Parser/encoder library. Contains documented unsafe code for buffer
manipulation during encoding. No networking code. Reader/writer
interface allows caller to manage file I/O.

Workflow

This example shows the typical commands used when auditing dependencies:

# Check what needs auditing
cargo vet check

# Review a new crate (opens source for inspection)
cargo vet inspect some-crate 1.0.0

# Review changes between versions (opens diff in browser)
cargo vet diff some-crate 1.0.0 1.1.0

# After review, certify the crate
cargo vet certify some-crate 1.0.0           # Full audit
cargo vet certify some-crate 1.0.0 1.1.0     # Relative audit

# Or add an exemption for trusted crates
cargo vet add-exemption some-crate 1.0.0

# Trust a publisher for all their crates
cargo vet trust some-crate some-publisher

# Clean up after removing dependencies
cargo vet prune

# Format supply-chain files
cargo vet fmt

# Verify CI check will pass before pushing
cargo make cargo-vet

Pull Request Responsibilities

PR Author

  1. Manually review dependency changes using cargo vet inspect or cargo vet diff.
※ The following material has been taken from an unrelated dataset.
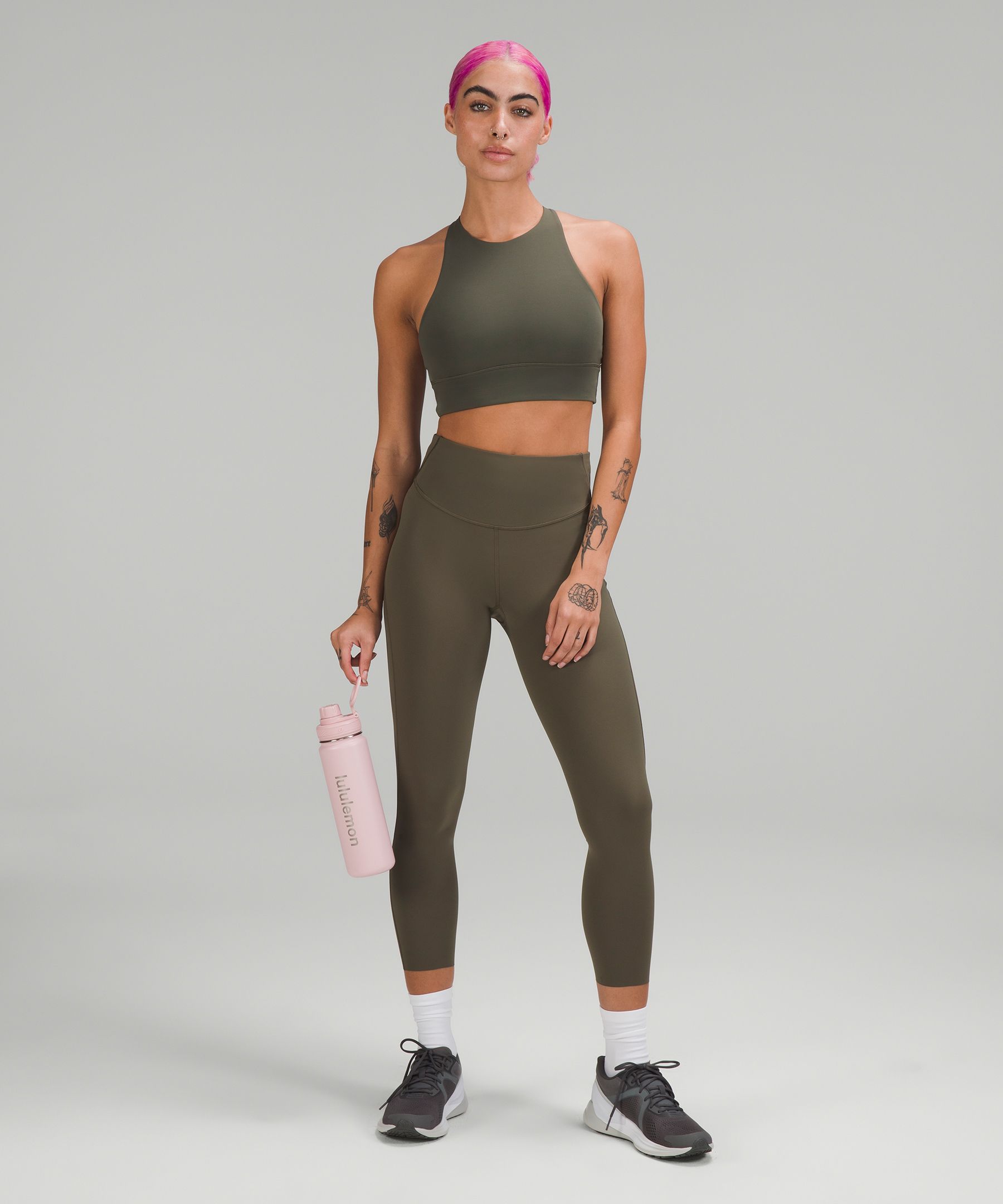 Her own words Sport Bra  lululemon nike alo Gymshark sweaty betty, 女裝,  運動服裝- Carousell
Reviewing every line is not required, especially for large changes—use your judgement to focus on code that is likely to be problematic.
  2. Certify, exempt, or trust dependencies with meaningful audit notes
  3. Run cargo make cargo-vet locally to verify CI will pass
  4. Commit supply-chain/ changes with your PR
  5. Be prepared to justify new dependencies

PR Reviewer

  • Verify audit notes are present and meaningful (reject empty or superficial notes, notes reused across multiple crates in the same PR, or wording that suggests AI-generated or copy-pasted content)
  • Review exemption justifications
  • Spot-check high-risk changes (crypto, unsafe, network/filesystem)
  • Question whether new dependencies are truly necessary
  • Ensure CI passes

Reviewers should consider re-auditing when the dependency handles security-sensitive operations, the notes seem incomplete, the author is new to the process, or anything was flagged during review of the dependency or audit notes.

Recording Violations

If you discover a crate version that fails criteria, communicate with the team so it can be evaluated before recording a violation with cargo vet record-violation.

CI Integration

PRs with unaudited dependencies will fail CI checks and cannot be merged into protected branches.